El presidente del Cluster de la Automoción en la Comunitat Valenciana, Emilio Orta, que participó estos últimos años en la negociación entre la Unión Europea y EE UU para este tratado, considera urgente buscar alternativas. «Sin Obama el acuerdo está muerto», sentencia Orta. «Después de las últimas reuniones quedó claro qué es lo que podía pasar y, después del anuncio que ha hecho Trump de replantear el acuerdo transpacífico, aún está más claro».

La alternativa que plantea Orta desde la organización pasa por la búsqueda de acuerdos bilaterales específicos para la actividad automovilística, especialmente con Estados Unidos. En ese sentido, ya la pasada Noche de la Automoción, que celebró el sector el miércoles, se demandó al presidente de la Generalitat, Ximo Puig, que tomara cartas en el asunto e impulsara esta línea de actuación. La llamada de atención hacia Puig no es casual, ya que ejerce desde hace unos meses de presidente del intergrupo sobre Automoción en el Comité de las Regiones de la Unión Europea.

La petición desde el Cluster valenciano es que ejerza su condición en este organismo, un grupo que ha de «asesorar a la Comisión Europea para hacer frente a los retos que afronta este sector debido a los rápidos cambios tecnológicos, la globalización y especialmente en la implementación de una movilidad sostenible inteligente», como lo presentó la propia Generalitat al anunciar el nombramiento.

Además, ya que la relación entre EE UU y Rusia puede cambiar por la sintonía entre Trump y el presidente ruso Vladimir Putin, desde el Cluster se insta a aprovechar el posible fin del bloqueo ruso hacia las importaciones desde occidente tras el conflicto de Ucrania. «Antes del bloqueo era un mercado que iba muy bien y que actualmente está a cero», señala Orta.

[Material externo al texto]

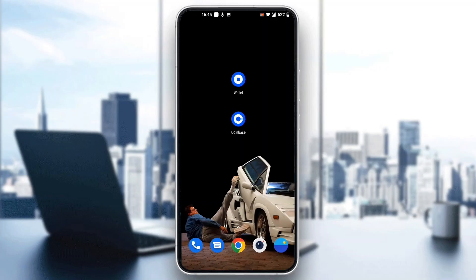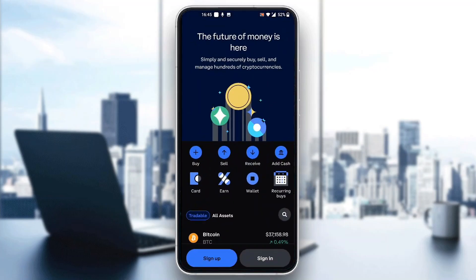Let's get straight into it. The first thing you want to do is go ahead and open up the official Coinbase application on your mobile phone. After doing that, you'll be greeted by the main page where you can see you can go ahead and sign up for a new account or sign in to an existing one. What we want to do is go ahead and log in to your account where our USDT is located.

En todo caso, esta estrategia se tiene que empezar a poner en marcha, aunque considera Orta que hay que medir lso tiempos. «Hay que ver primero el discurso de investidura de Trump, que pronunciará en la toma de posesión del mes de enero. Se trata de una declaración de intenciones y, aunque no se cumple en su totalidad durante el mandato, sí indica el verdadero alcance que se propone para las promesas electorales», advierte.

Con barreras arancelarias como las actuales, que alcanzan en algunos casos el 21%, la alteración de la política monetaria puede hacer estragos. Hoy, entre el euro y el dólar hay una práctica paridad, pero en cuanto se produzca una subida de tipos de interés se puede romper ese equilibrio y perjudicando seriamente a las exportaciones de este sector.

En el último año completo, 2015, las exportaciones de la Comunitat Valenciana a los Estados Unidos fueron de 2.119 millones de euros. Con esta magnitud, el país que desde enero gobernará Donald Trump es el cuarto destino de las ventas al exterior de las empresa valencianas con casi un 10% del comercio al exterior, sólo superado por Alemania, con 3.687 millones; Francia, con 3.479 millones; y Reino Unido, con 2.952 millones.

Estas cifras están muy lejos de la reciprocidad en el caso americano, del que se importa por valor de 1.381 millones, frente a los 2.713 millones que se importan desde China, lo 2.522 millones desde Alemania, 2.116 desde Francia o 1.742 millones desde Italia. En ese sentido, un endurecimiento de las condiciones de los tráficos comerciales transatlánticos tendrían un duro efecto para el comercio valenciano.

La relevancia del sector valenciano de la automoción explica en buena medida esta situación ya que es el 35,3% de la exportación a EE UU. Sólo el pasado año sumó más de 750 millones de euros en ventas a aquel país, un 21% más que un año antes.